“I believe a man does what he can until his destiny is revealed.” – The Last Samurai
As I approach my one year in Costa Rica and prepare to leave, I find myself reflecting on my journey. I’ve learned many things.
Why am I leaving? When I moved June 1, 2010 from Sarasota, Fla., my intent was to retire in Costa Rica. After all, it’s in the tropics, all the hype told of how cheap it is to live here, the fishing’s great, universal healthcare, there’s so much to do and, if that’s what tickles your fancy, there are young prostitutes everywhere.
Seriously. That last one is what seems to drive many of the expat males living here. But being able to pay very little for sex with girls one-third my age was not my motivation for moving to Costa Rica.
What it finally came down to is boredom. Not that Costa Rica is necessarily boring but I needed more challenges. Exploring this country could have provided interesting experiences but turned out not to be an option – simply because of my limited Spanish skills and my lack of transportation. Even with a car, I would have been reluctant to travel the country alone without a better understanding of the language. I have poor linguistic skills.

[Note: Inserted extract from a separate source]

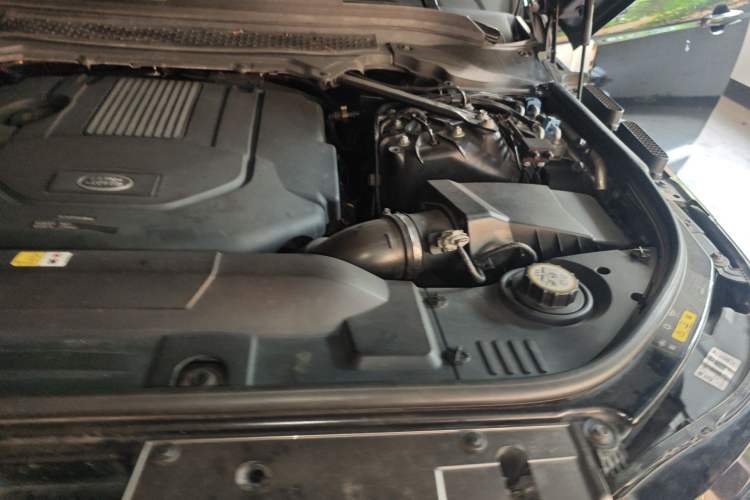 Used Land Rover Range  Engine Bay Left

Without a car, I could have ventured around by bus, but, again, knowing the language would have been very important. Without it, I could have put myself in dangerous situations.
So I was basically stuck in one place, a relatively small town, Jaco, for the last 11 months of my stay (and the next two). Small towns get boring, even in the States, unless you know the locals and can carry on conversations with them. Get to know them. Again, the language problem.
As to the cost of living, I am able to live on my retirement check here simply because I gave up my car and because my rent/utilities are about 40% of what I paid in Florida. Otherwise, there is little difference in costs between Costa Rica and the U.S. Food costs about the same, same for clothes.
And we don’t even want to talk about the fishing. Suffice it to say that if you live in Jaco you better have a boat (and a car) in order to catch fish. I’m sure there are places in CR where you can successfully catch fish from the shoreline, but it ain’t Jaco. I did consider moving to the east coast in the Limon area, where fishing from shore is possible, but decided against it.
More deeply, however, my time here has allowed me to think about how I use the rest of my life – not how I retire. The one truth that has come out of this is that I really like to explore new countries, new cultures. And I’ve also learned that I’m addicted to writing. More on that later.
The fear and excitement I experienced in the first days of my journey, and in the weeks and months that followed cannot be duplicated. The ability to navigate in a foreign country for this long is satisfying, educational and redoable in other countries. I’ve learned that I want to repeat those experiences in a new country. Perhaps a new country every year.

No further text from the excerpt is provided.